Peter Harte the reassuring drive behind Tyrone’s revival

The Ulster champions’ top-scorer has been the enterprise behind county’s return to top tier

You look at Peter Harte and you see bones. Elbows and shoulders, pointed and raw. At first glance, he looks like he was borrowed from the 1980s, the sort of Tyrone footballer who'd spend a day covered in grease underneath a car bonnet before wiping his hands on his boiler suit to go training. Like somebody took the ghost of John Lynch and thatched him with a red roof.

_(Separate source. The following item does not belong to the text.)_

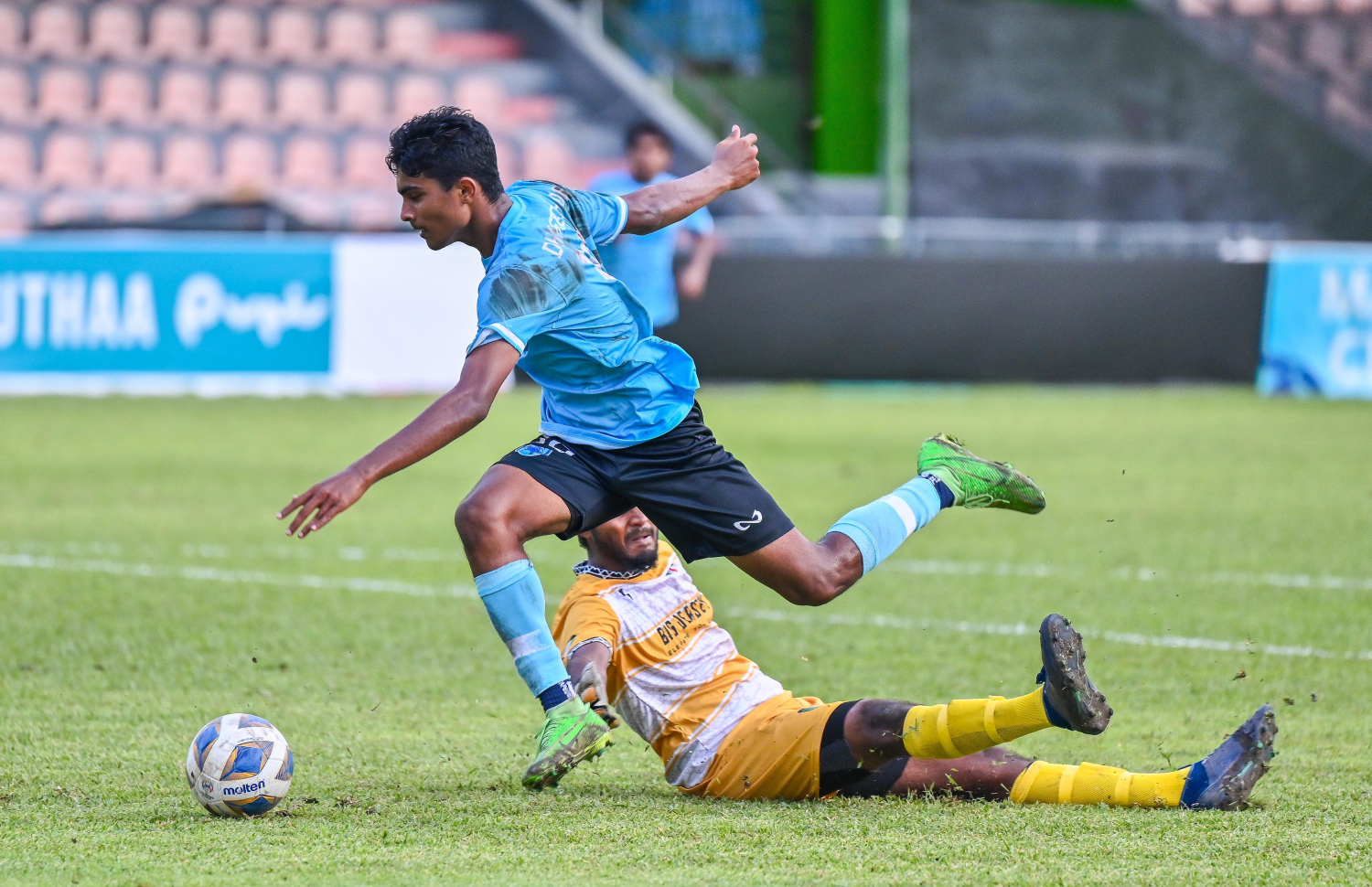 މީދުއާއި ފަރެސްމާތޮޑާ މިއަދު ކުޅުނު މެޗު --- ފޮޓޯ: ފަޔާޒު މޫސާ | މިހާރު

Something about the look of him doesn't chime with 2016. He's an athlete but not in the way, say, Diarmuid Connolly is an athlete. He has an ascetic bearing, a sparseness to him that says no materials were wasted during the build. Yet in Tyrone, they would say that nobody is tougher, nobody is more willing or more likely to be in harm's way.

“He takes an awful lot of heat,” says clubmate Enda McGinley. “He gets a lot of close attention in club matches, as you can imagine, and obviously with Tyrone too. His regular game is one of a very physical nature where he drives hard into tackles and he carries into contact. I would be looking on sometimes and wishing he wouldn’t, not because he’s going to get dispossessed but more because of the punishment he takes on with it.”

He flits around the pitch like middle management dropping in on various sub-groups during a weekend retreat. A fix here, a solution there. Whatever the problem, send for Petey. He’ll know what to do.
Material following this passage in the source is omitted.